Written by the co-creator and producer of Blue’s Clues as well as the PBS series Daniel Tiger’s Neighborhood and other children’s series, I can wholeheartedly recommend this book to everyone I know – students, colleagues, friends, family …

The book is organized as a brisk, friendly read with practical pointers, reminders and guidance for living more graciously and kindly with one another, Santomero offers worthwhile words on every page about adding more kindness in every aspect of our lives. She talks about the random, small acts to spread kindness such as tucking your chair in whenever you leave a location to the larger acts to spread more kindness in our local and global environment such as getting involved in meaningful movements (and she offers examples).

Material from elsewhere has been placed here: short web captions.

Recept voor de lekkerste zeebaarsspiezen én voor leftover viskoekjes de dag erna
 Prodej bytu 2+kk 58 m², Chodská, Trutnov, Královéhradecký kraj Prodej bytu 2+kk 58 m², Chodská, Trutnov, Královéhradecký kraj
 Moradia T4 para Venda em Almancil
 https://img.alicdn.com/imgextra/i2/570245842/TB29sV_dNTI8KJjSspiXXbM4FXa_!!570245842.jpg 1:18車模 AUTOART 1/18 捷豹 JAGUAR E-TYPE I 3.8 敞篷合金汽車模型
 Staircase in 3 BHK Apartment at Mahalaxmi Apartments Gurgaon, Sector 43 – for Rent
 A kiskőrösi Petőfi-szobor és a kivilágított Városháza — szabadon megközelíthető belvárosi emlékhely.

I love Santomero’s section titled “Active Listening 101.” She scribes step-by-step to do’s to be fully present when someone else is speaking. This important communicative skill is too often taken for granted. Children are taught how to speak, read, write from an early age on but very little formal instruction is ever offered on listening. With today’s technology distractions, active listening is more imperative than ever to improve communication and strengthen relationships. I’ll be referring to Radical Kindness again and again.

————————————————————————————————————–Dry BY Neal Shusterman and Jarrod Shusterman

Truth be told, I had personal reasons for wanting to read this book. Some of my very dear family members live in Southern California, and I know firsthand of their already imperative need to conserve water and the many residents who scarily ignore that need. Moreover, I met Neal Shusterman when he paid an enjoyable visit to the school where I taught quite a few years back. I enjoyed Unwind immensely but hadn’t read his more current work until now … and this story does not disappoint.

Co-authored with his son (how cool is that?!), this story was a literal page-turner for me. The narrative centers around a disastrous drought that overtakes Southern California, leaving the region with an empty water supply, and follows the plight of a group of teens who ban together to attempt survival. Dry reads as a cautionary tale that is all too possible. What was truly intriguing was the fast yet scarily believable way friendly neighbors turn into dangerous threats within the span of a few calamitous days. The Shustermans develop characters with eery realism and I couldn’t stop reading.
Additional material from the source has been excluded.